I mentioned uop cache earlier, I'd like to follow that up with this additional insight from David Kanter:
The uop cache is one of the most promising features in Sandy Bridge because it both decreases power and improves performance. It avoids power hungry x86 decoding, which spans several pipline stages and requires fairly expensive hardware to handle the irregular instruction set. For a hit in the uop cache, Sandy Bridge’s pipeline (as measured by the mispredict penalty) is several cycles shorter than Nehalem’s, although in the case of a uop cache miss, the pipeline is about 2 stages longer.
http://www.realworldtech.com/sandy-bridge/4/
Scaling an x86 design will introduce a lot of elements that start to minimize the cost of decoders. But as you scale up the rest of the system in performance you still have to scale up the decoders. Complex instruction encoding will mean a longer serialized decode time which means more pipeline stages - in addition to increasing your branch mispredict penalty, more stages means more area and power dedicated to saving and forwarding state, as well as more clock distribution. And the cost of decoders doesn't merely increase linearly as you add them because of the dependent positioning - even if you add predecode bits to the L1 icache you still have to scan for more instruction barriers first. And chunking up the instructions along boundaries doesn't equalize everything, x86 still has complex variable offsets within the instruction based on prefixes (REX effectively being a common prefix), opcode type (variable size opcodes), presence of operand extension bytes, and combination of address and immediate fields.

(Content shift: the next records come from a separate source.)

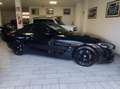 BMW Z4 M Z4 M40i 340 cv Full Black - Service BMW 03/2026 Negro - thumbnail 7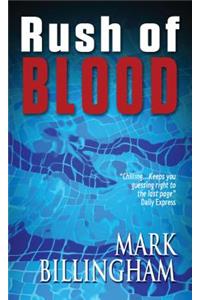 Rush of Blood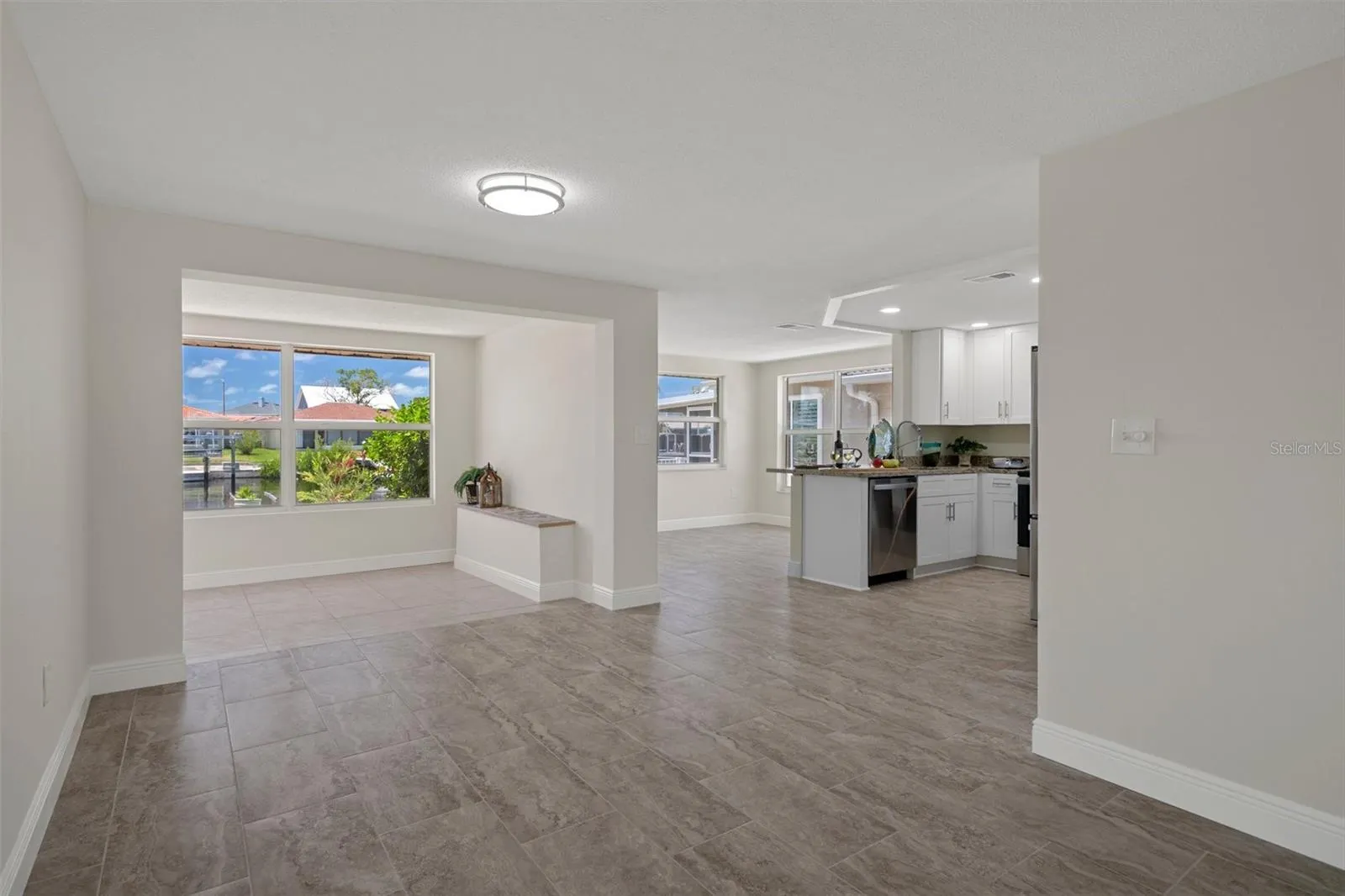 4937 DORY DR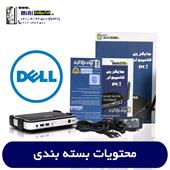 زیروکلاینت Dell Wyse 5030 - PXN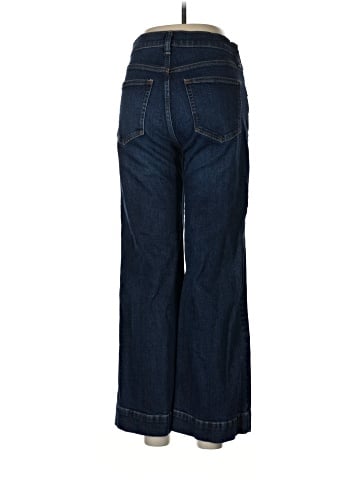 Gap Jeans (view 2)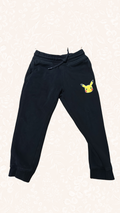 Hosen Pikatchu 110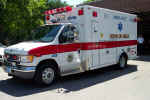 Millis Ambulance 49.JPG (97482 bytes)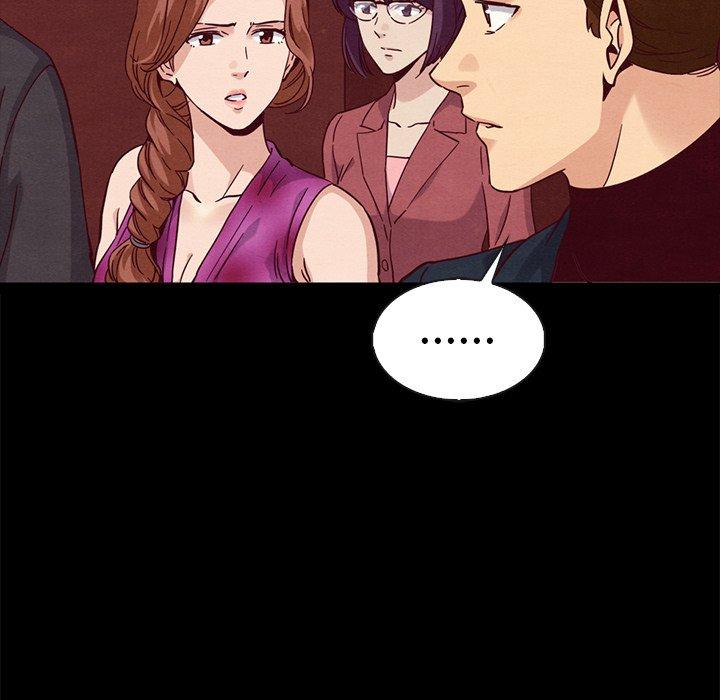 韩国漫画坏血韩漫_坏血-第62话在线免费阅读-韩国漫画-第157张图片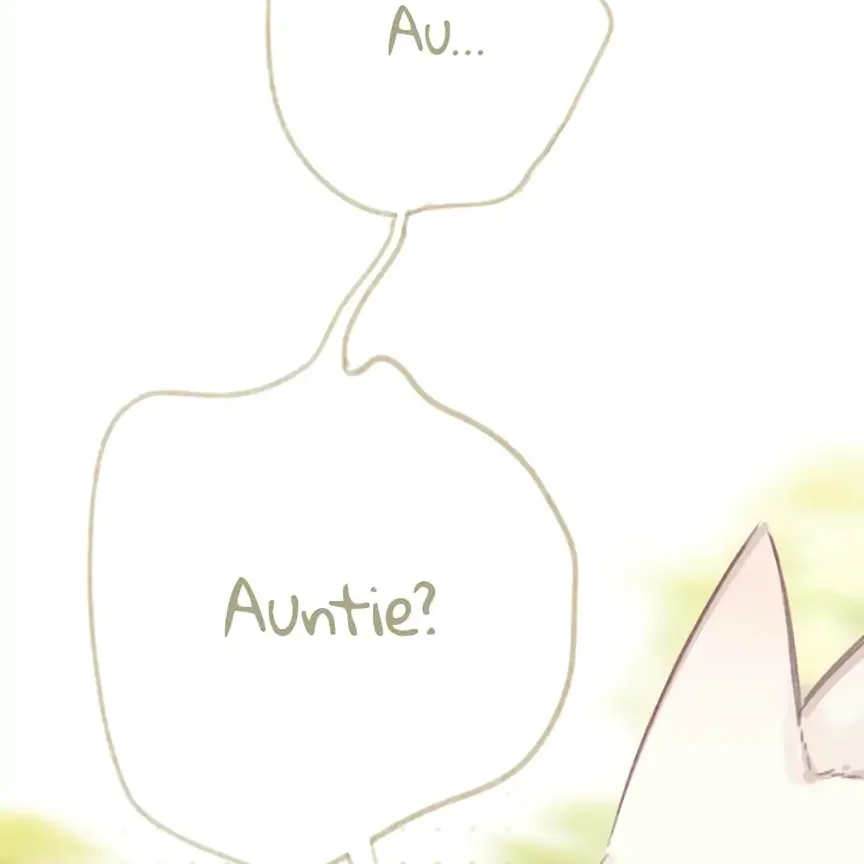 Read Love by Mistake EN Manga Online
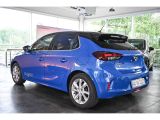 Opel Corsa bei Sportwagen.expert - Abbildung (4 / 15)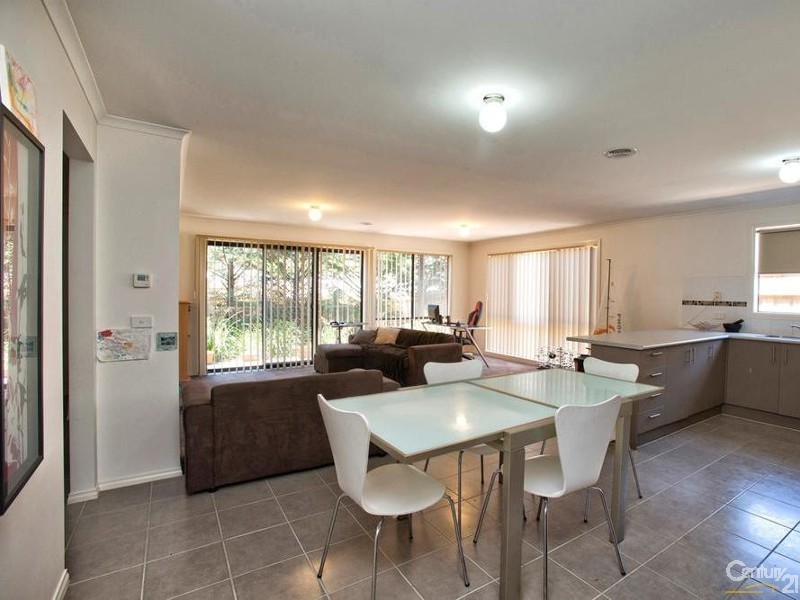 6/26 Point Road, Crib Point VIC 3919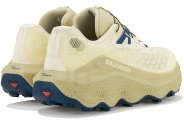 Salomon Ultra Glide 4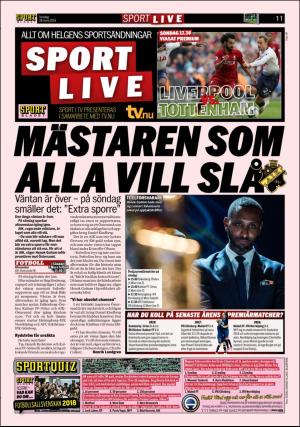 aftonbladet_sport-20190328_000_00_00_011.pdf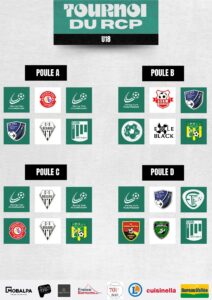 9-212x300 TOURNOI 29 MAI : U15 - U18 : Les poules sont disponibles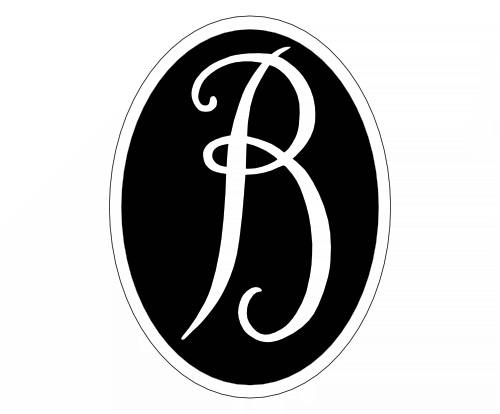 Birnbach Musikverlag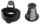Cnes frites+cubes - hachoir HV8 ME625131 et HV9 ME740H30/350 Moulinex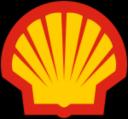 Shell AG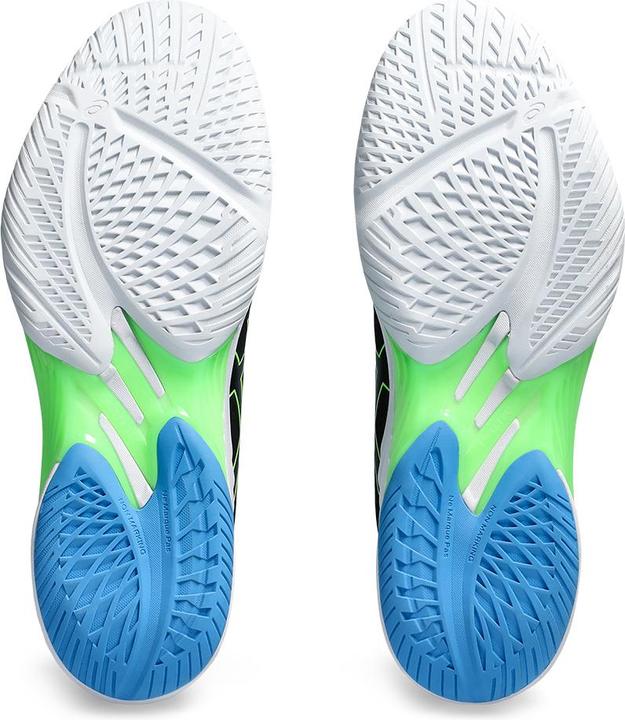 Produktbild ASICS Performance Hallenschuh Sky Elite Ff 2 Mt Men - Us 12.5 (47) (47)
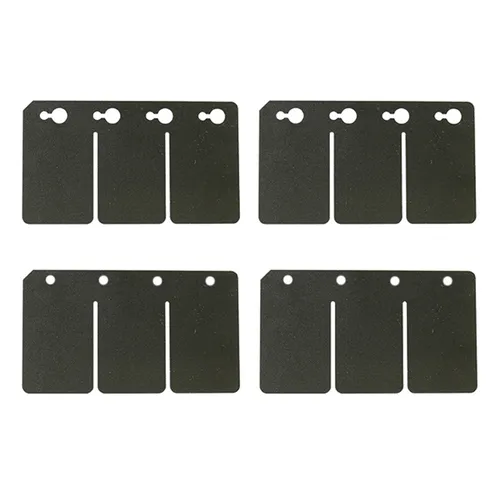 SP1 Reed Valve Repair Rebuild Kits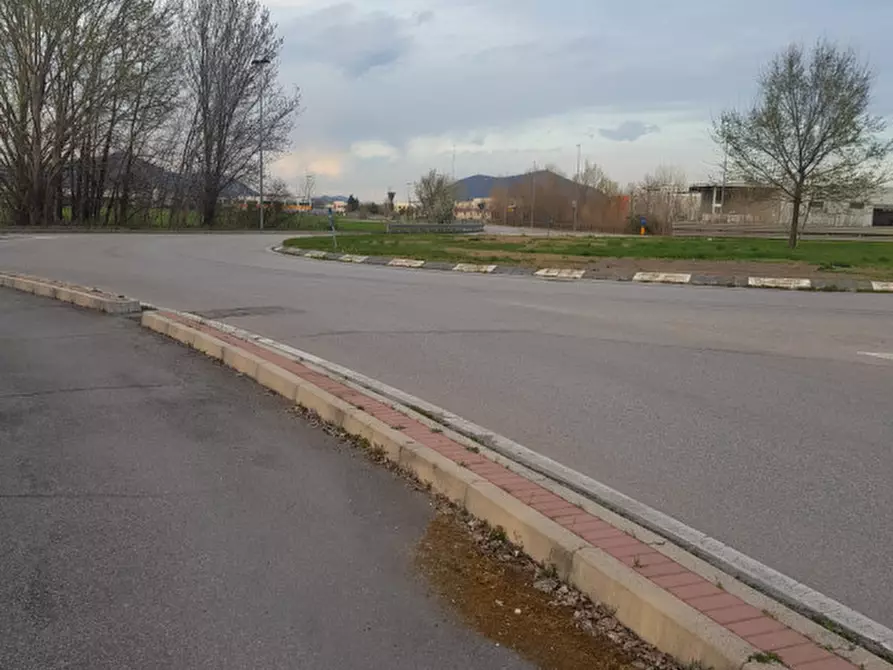 Immagine 12 di Terreno in vendita  in Via Cavour a Este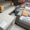 Угловой-прямой диван-кровать Konsul-УП, независимые пружины - Изображение #4, Объявление #1735790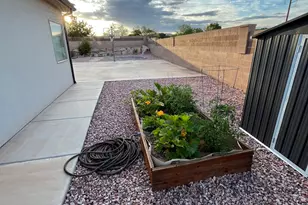 1195 S 2970 E, Saint George, UT 84790 - Photo 37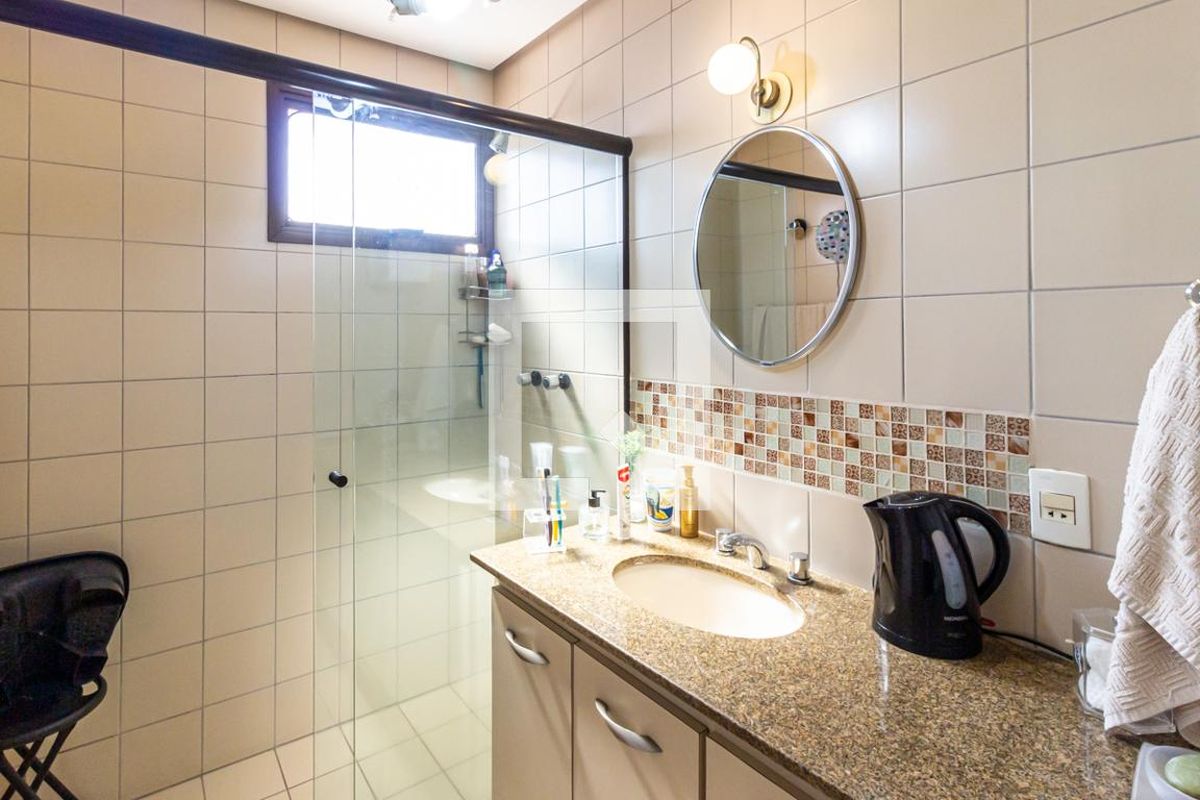 Cobertura, 2 quartos, 110 m² - Foto 55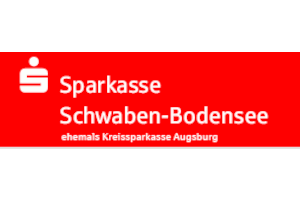 Sparkasse Schwaben-Bodensee logo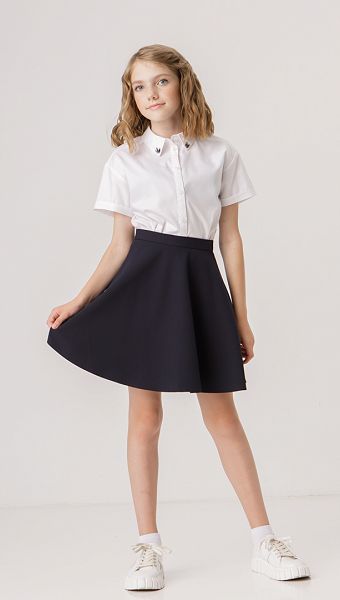 Фото ubka-klesnaa-na-poase-12 товара Юбка клёшная на поясе1 Фото ubka-klesnaa-na-poase-12 товара Юбка клёшная на поясе1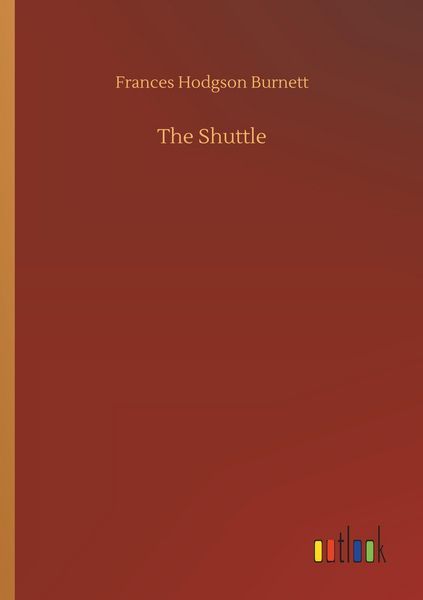 Produktbild: The Shuttle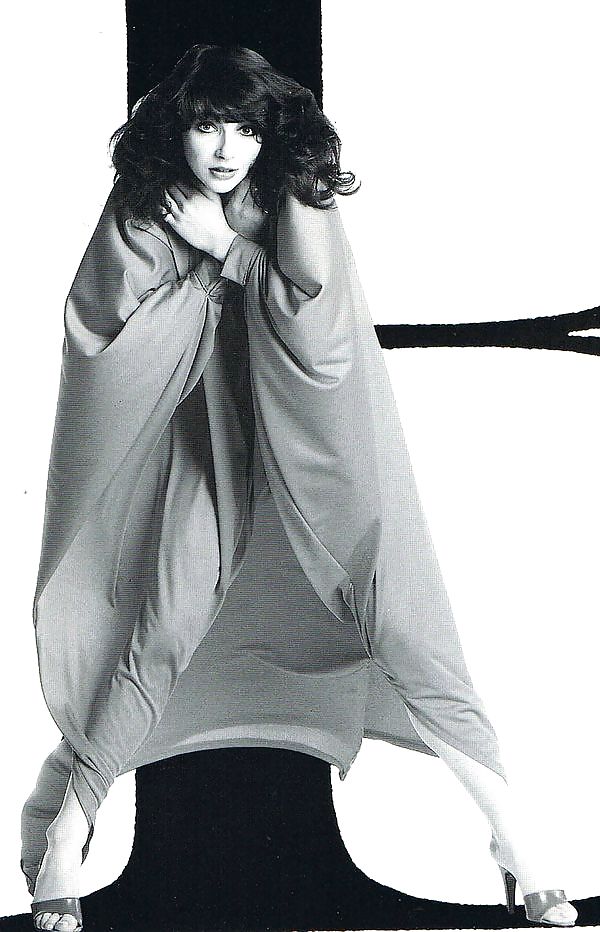 Je T'aime Kate Bush #23901501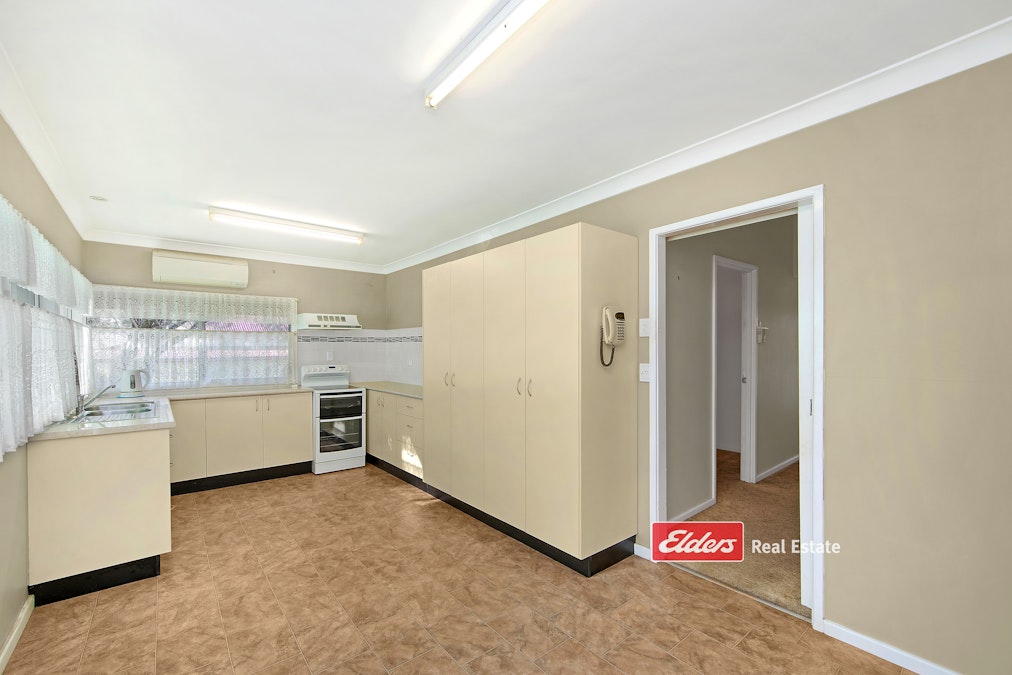 8 Victoria Street, Paterson, NSW, 2421 - Image 5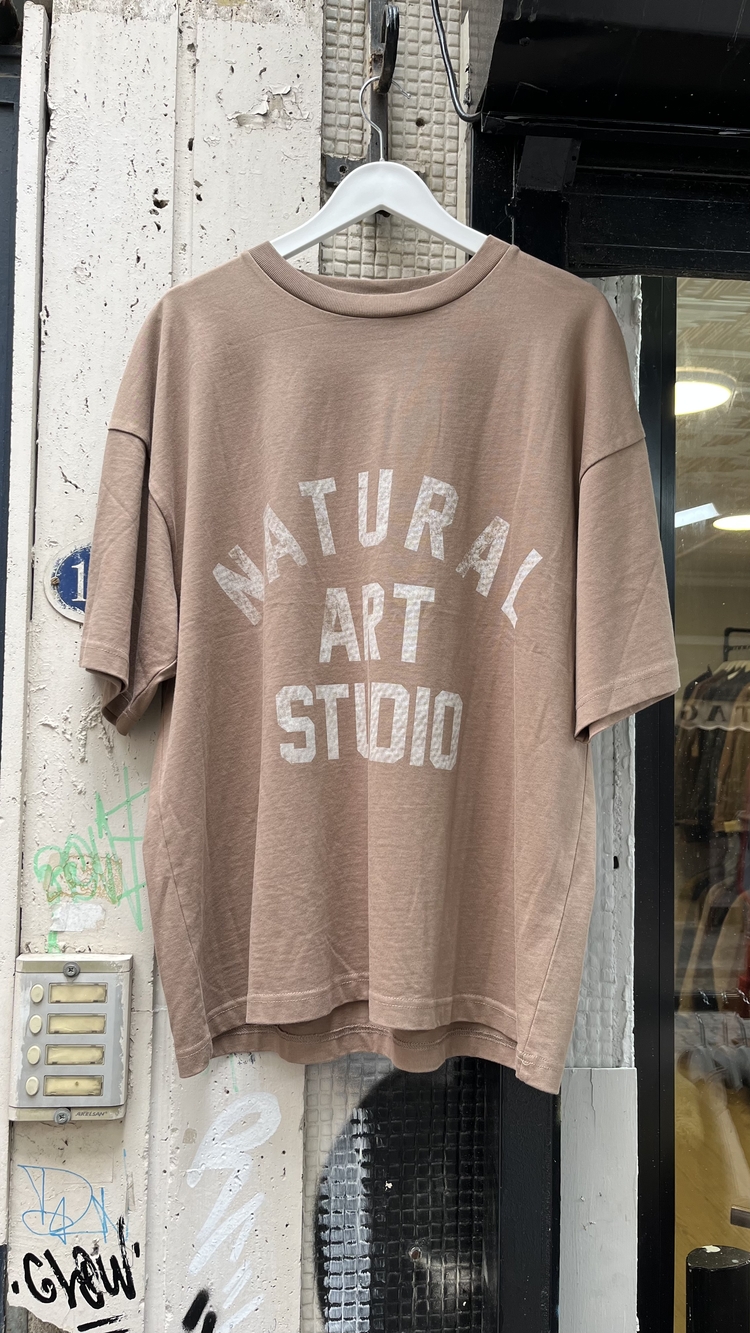 Vintage Tshirt L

The uop cache is a nice alternative to this but it does come at a cost.. I described this in that post earlier but to give some extra information, the mapping from icache lines to uop cache lines is not trivial. The cache lines are tagged by the address of the first instruction in the line, but the lookups are done to arbitrary instructions in the line. So the lines must maintain a list of instruction offsets which it must scan to find out which uops to return, at least in the case where the code isn't known to be continuing to the next sequential uop cache line. And since each icache line corresponds to 1-3 uop cache lines there needs to be some mechanism for sequencing multiple ways from a line lookup. One other thing is that you either need to take on extra latency on a uop cache miss or start looking up in the L1 icache tags in parallel with the uop cache, which uses more power. Intel appears to have done the latter, in the spirit of not allowing the uop cache (which doesn't have an amazing hit rate) to degrade performance vs the L1 icache.
Bottom line, it's not negligible. A lot of that could just be that it's a bunch of work to get right, I don't pretend to have real numbers on performance/efficiency/area impact.
Also, I don't really know the details on this, but I suspect that x86's memory model imposes additional expenses even in OoO CPUs that implement speculative memory ordering/disambiguation/alias prediction because of the read ordering requirements. But I could be totally wrong about that one. An x86 core will have to maintain coherency between icache and dcache where an ARM core won't, but there are good arguments for the ARM core to do this anyway (although I don't know any that do?) so that's kind of moot.